▶ [Task requirements]:
From the first line to the last, retype everything below exactly, minus the pictures.

▶ [Raw data]:
......
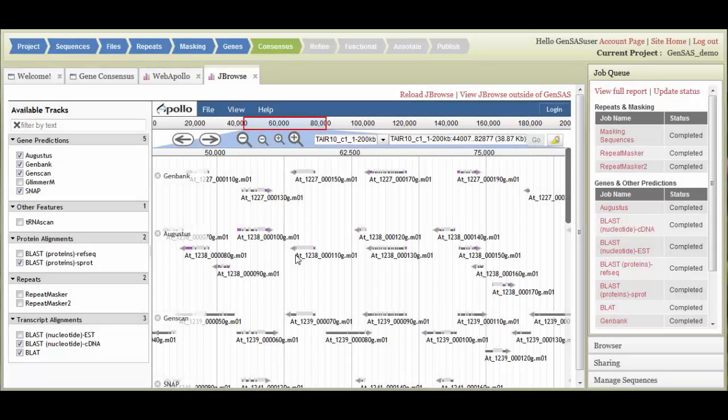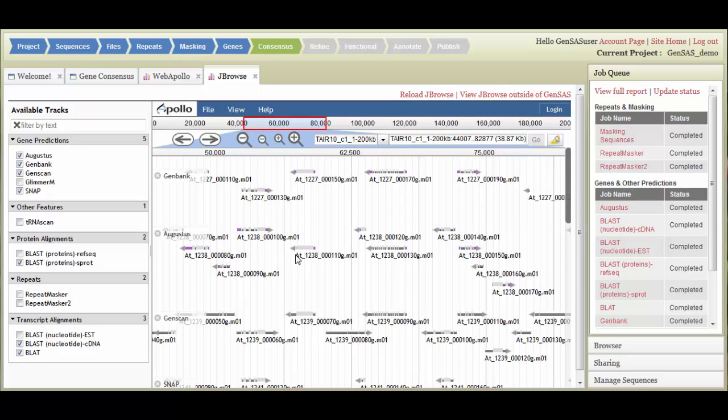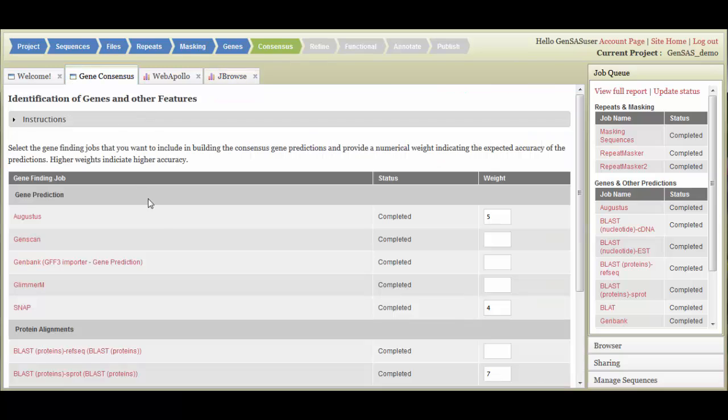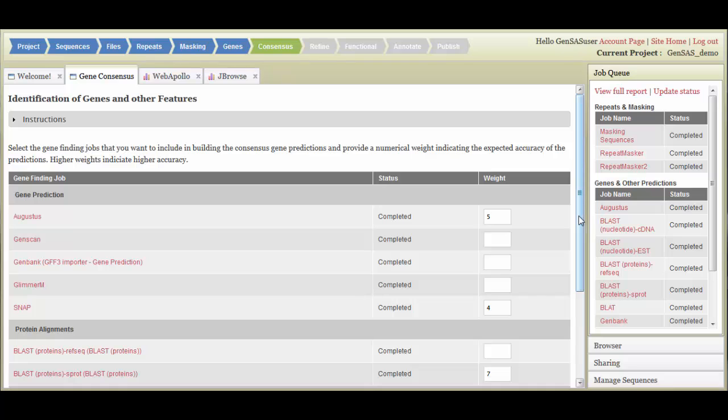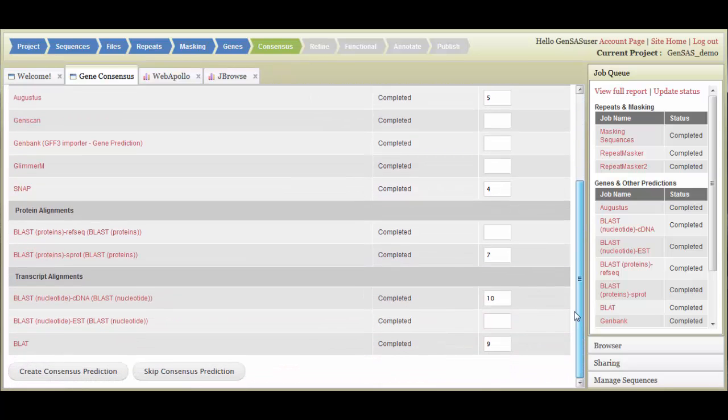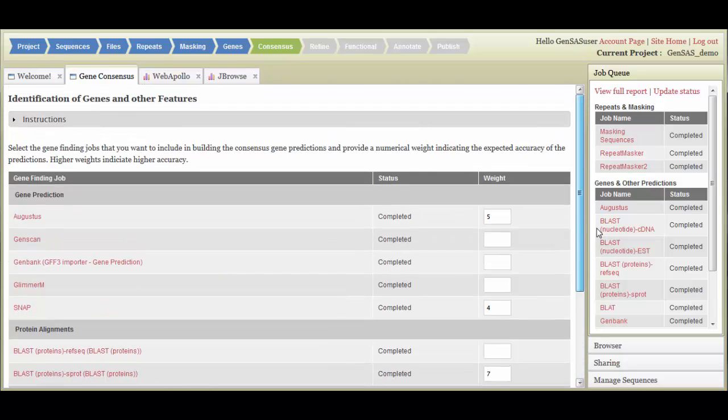Once all of your jobs have finished, and you have looked at the data in JBrowse, you can choose which datasets will be used to create a Gene Model Consensus with Evidence Modeler under the Gene Consensus tab. You will need to decide which data to include and what weight or importance to assign each dataset. Higher values should be given to evidence-based data, like EST and cDNA alignments, and lower values should be given to predictive data, such as Gene Model Prediction tools. If you do not assign a weight to the dataset, the data is not included in the consensus.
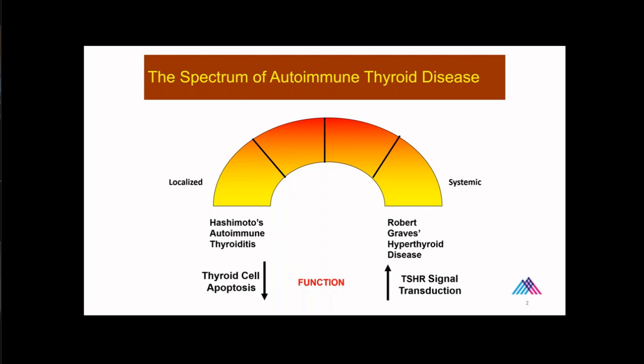What people do often forget is that you can develop what we call Graves' eye disease or much better to call it Graves' orbitopathy. It is an inflammation of the orbit. It's not eye disease. It's an orbitopathy. But that occurs also in some patients with Hashimoto's, which just drums home the fact that not only are these diseases both in the same families, but you can also present with similar clinical phenotypes.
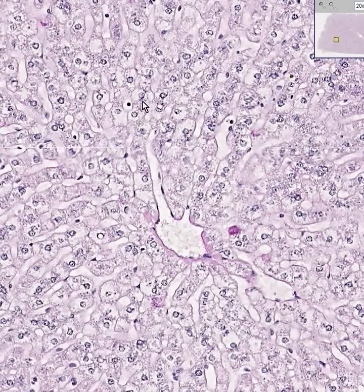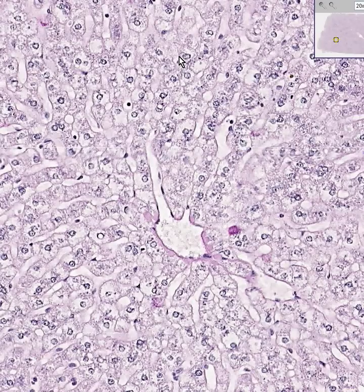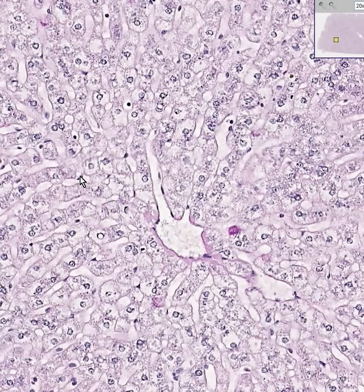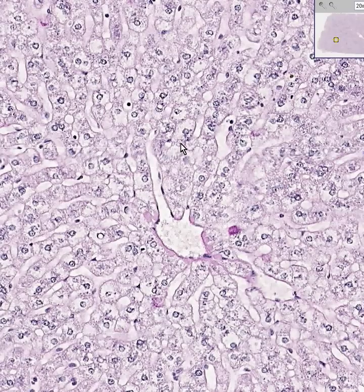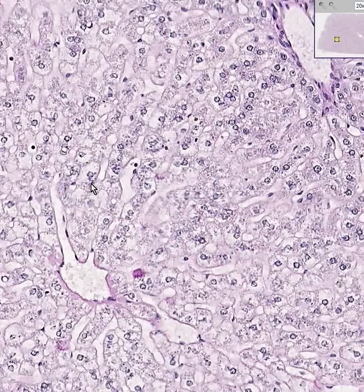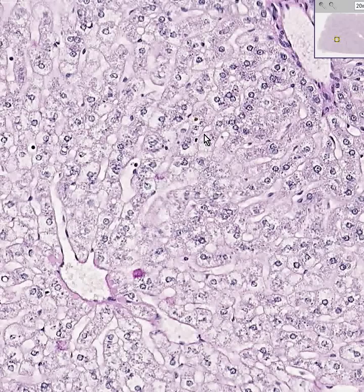Whereas every single round nucleus here is a hepatocyte, if you see something a little spindly — like here, or here — these are going to be the macrophages of the liver, which are called Kupffer cells. Except for the portal veins and central veins, everything in the liver is either a Kupffer cell or a hepatocyte.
......
▶ [Answer to the problem]:
Once all of your jobs have finished, and you have looked at the data in JBrowse, you can choose which datasets will be used to create a Gene Model Consensus with Evidence Modeler under the Gene Consensus tab. You will need to decide which data to include and what weight or importance to assign each dataset. Higher values should be given to evidence-based data, like EST and cDNA alignments, and lower values should be given to predictive data, such as Gene Model Prediction tools. If you do not assign a weight to the dataset, the data is not included in the consensus.
What people do often forget is that you can develop what we call Graves' eye disease or much better to call it Graves' orbitopathy. It is an inflammation of the orbit. It's not eye disease. It's an orbitopathy. But that occurs also in some patients with Hashimoto's, which just drums home the fact that not only are these diseases both in the same families, but you can also present with similar clinical phenotypes.
Whereas every single round nucleus here is a hepatocyte, if you see something a little spindly — like here, or here — these are going to be the macrophages of the liver, which are called Kupffer cells. Except for the portal veins and central veins, everything in the liver is either a Kupffer cell or a hepatocyte.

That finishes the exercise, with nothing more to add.